I continued moving to other spots that had fish on em and got bites but no takers. Towards the end, and the wind picked up to 100 MPH I started getting more bites. I had one break off as soon as I hooked him, and then a few others that only played w/ the livers. I didn't catch anything on live bait...nothing but trees which made me have to break off my braid! 

Finally got tired of battling the wind and waves and called it a day. About 3 boats joined in but I believe they were bass fishing and I'm not too sure what they caught. I never threw any bass baits due to the wind!

Ohhh well, I think I'm gonna try some dough bait and a treble hook next time....:thumbsup:


----------



## wallace1 (Dec 8, 2010)

It's a pretty cool lake. Went up there for the first time yesterday and fly fished for a while. Was catching dink bass in the shallow coves but sight casting to them was cool. Went to another part of the lake where I had 2 shots at good bass but both of them looked like they were spooked by the time I saw them. Not darting off but moving off just the same. Got a decent cast off in front of one of them but I don't think he ever saw the fly.


----------



## azevedo16 (Aug 18, 2010)

wallace1 said:


> It's a pretty cool lake. Went up there for the first time yesterday and fly fished for a while. Was catching dink bass in the shallow coves but sight casting to them was cool. Went to another part of the lake where I had 2 shots at good bass but both of them looked like they were spooked by the time I saw them. Not darting off but moving off just the same. Got a decent cast off in front of one of them but I don't think he ever saw the fly.
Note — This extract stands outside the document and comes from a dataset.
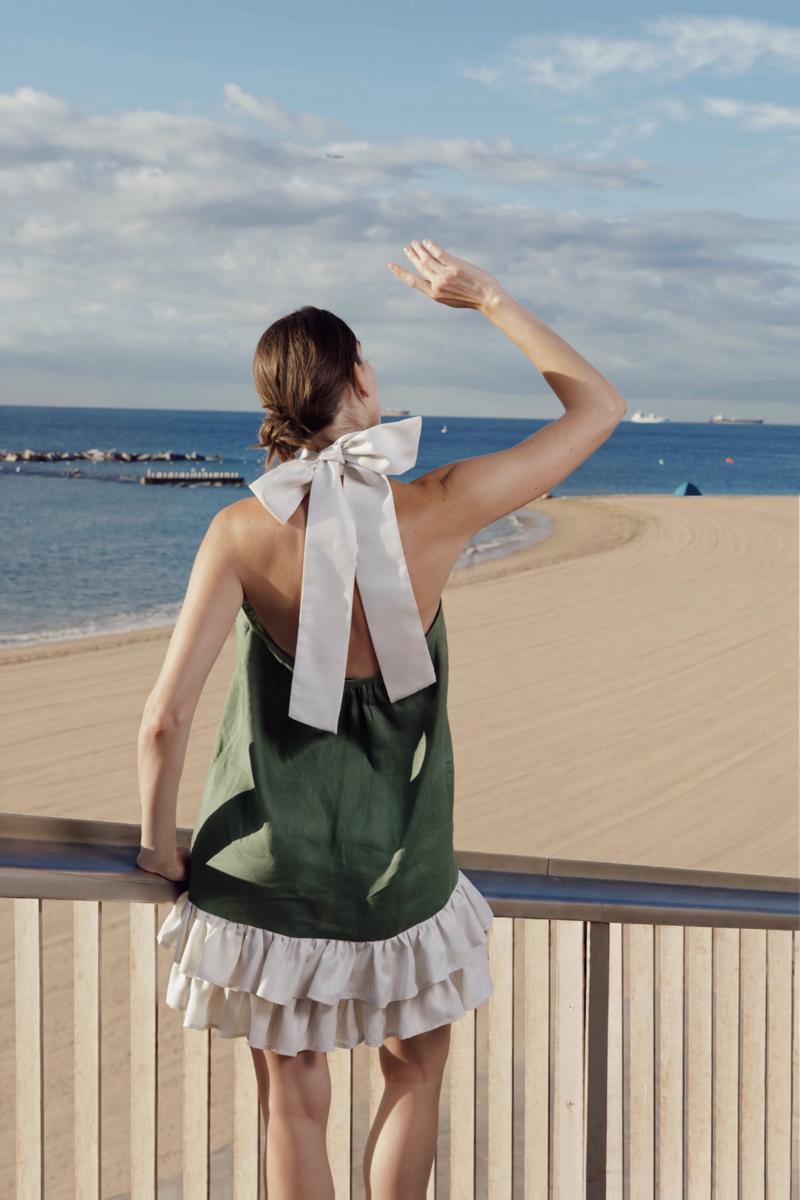 Bahia Dress Mini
That was you in the yellow outback?


----------



## azevedo16 (Aug 18, 2010)

Jason, that wind is a beast up there! I fought it yesterday. At least you did not get the big skunk!


----------



## Jason (Oct 2, 2007)

azevedo16 said:


> Jason, that wind is a beast up there! I fought it yesterday. At least you did not get the big skunk!


Yeah, my hopes were to catfish 1st then do some bassin' but with the wind this afternoon and white caps....no could do!


----------



## jcoss15 (Oct 11, 2010)

I heard you don't have to have an AL license to fish there, just pay...that true?


----------



## Jason (Oct 2, 2007)

jcoss15 said:


> I heard you don't have to have an AL license to fish there, just pay...that true?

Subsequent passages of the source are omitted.